▶ PROBLEM:
Each line of the data must be written out again verbatim; no image belongs in the copy.

(DATA Opens)

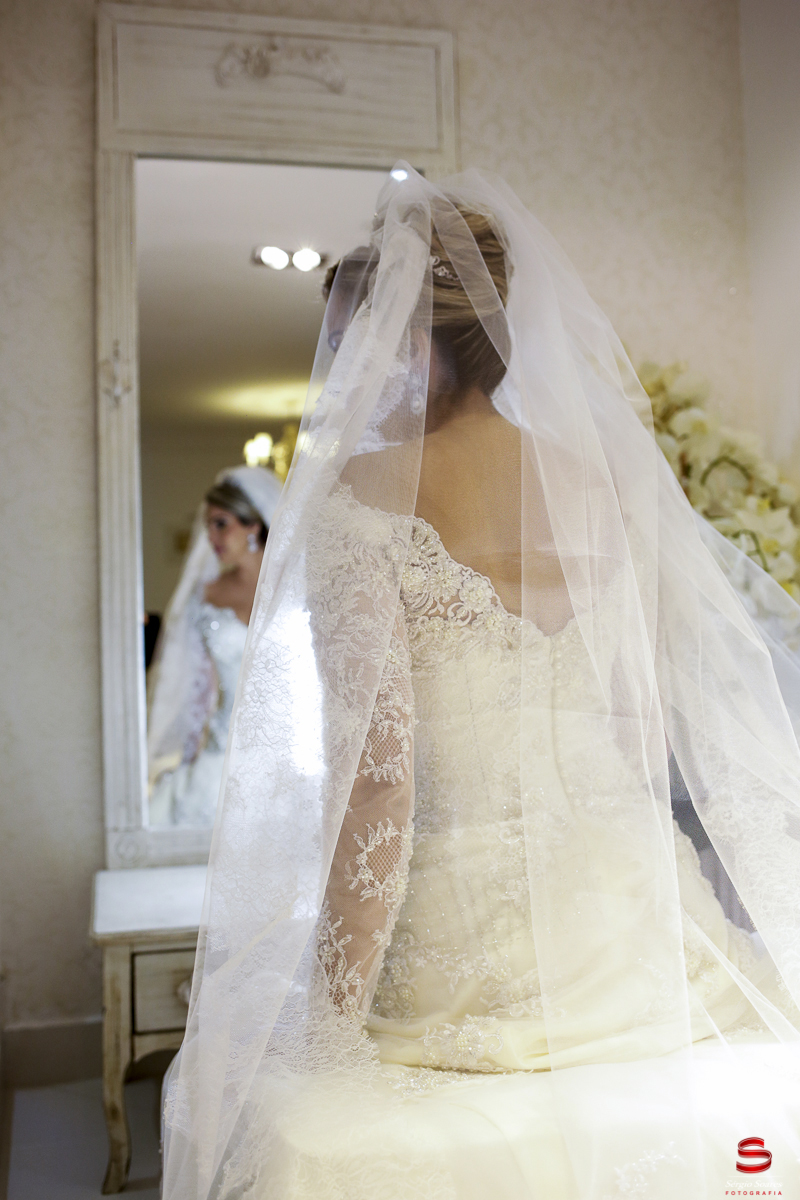 fotografo-fotografia-cuiaba-sergio-soares-casamento-tatiane-tico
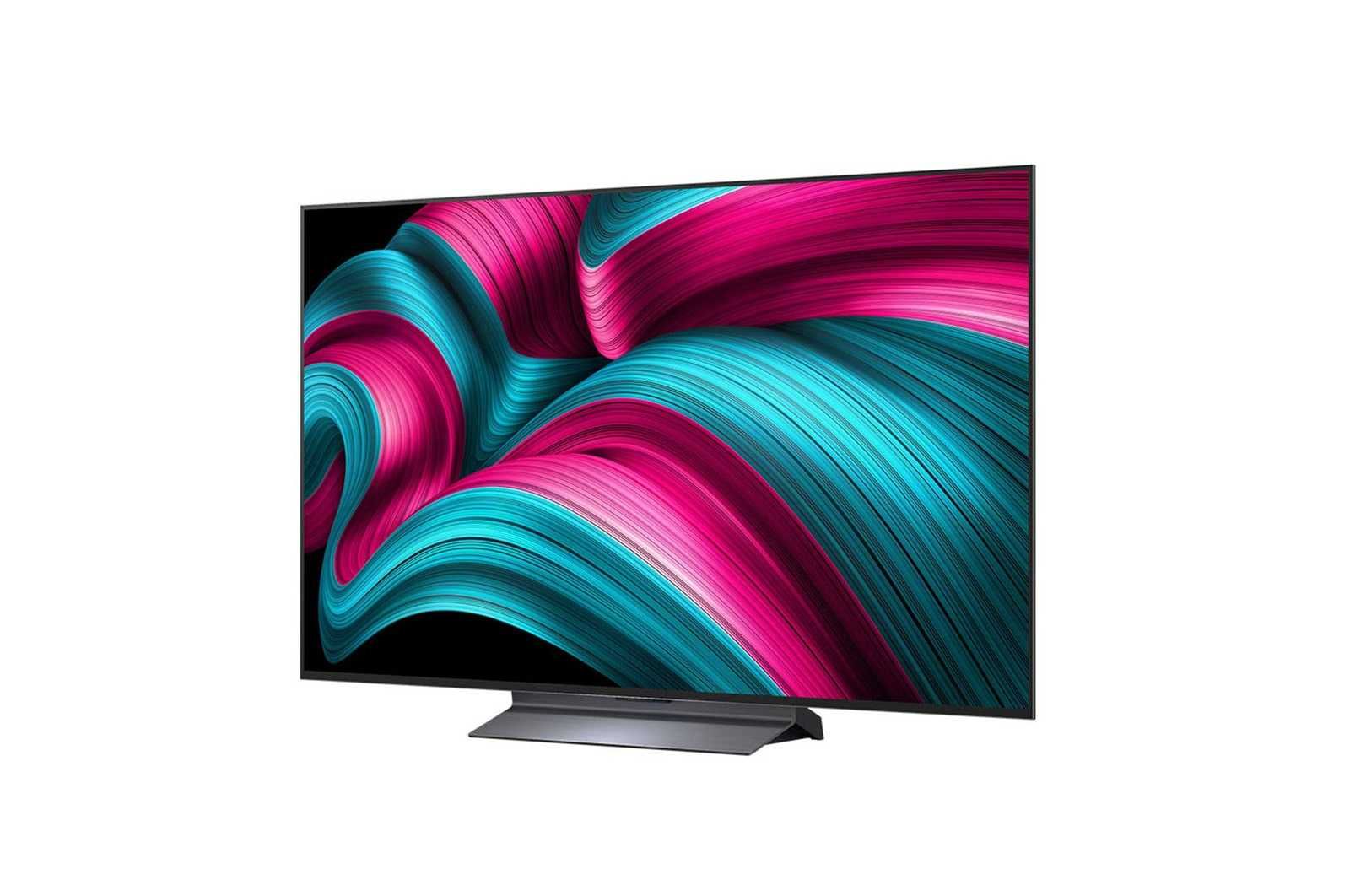 Телевизор Lg 4k UHD Oled 2023\2024\2025 ИИ только оригинал
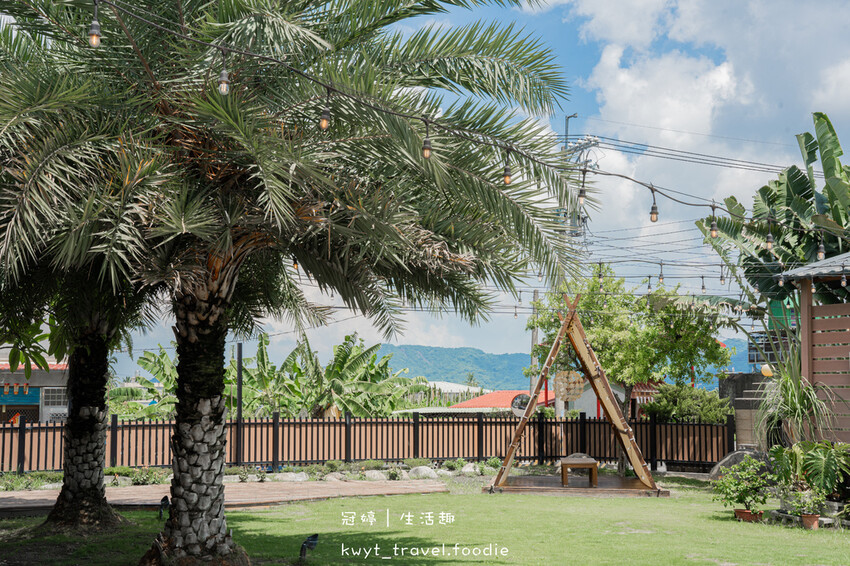 美濃餐廳推薦_里長台灣鯛美濃旗艦店，全台唯一！桌邊爆炒好客鍋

(DATA Closes)

▶ RESPONSE FOR THIS EXERCISE:
 fotografo-fotografia-cuiaba-sergio-soares-casamento-tatiane-tico
 Телевизор Lg 4k UHD Oled 2023\2024\2025 ИИ только оригинал
 美濃餐廳推薦_里長台灣鯛美濃旗艦店，全台唯一！桌邊爆炒好客鍋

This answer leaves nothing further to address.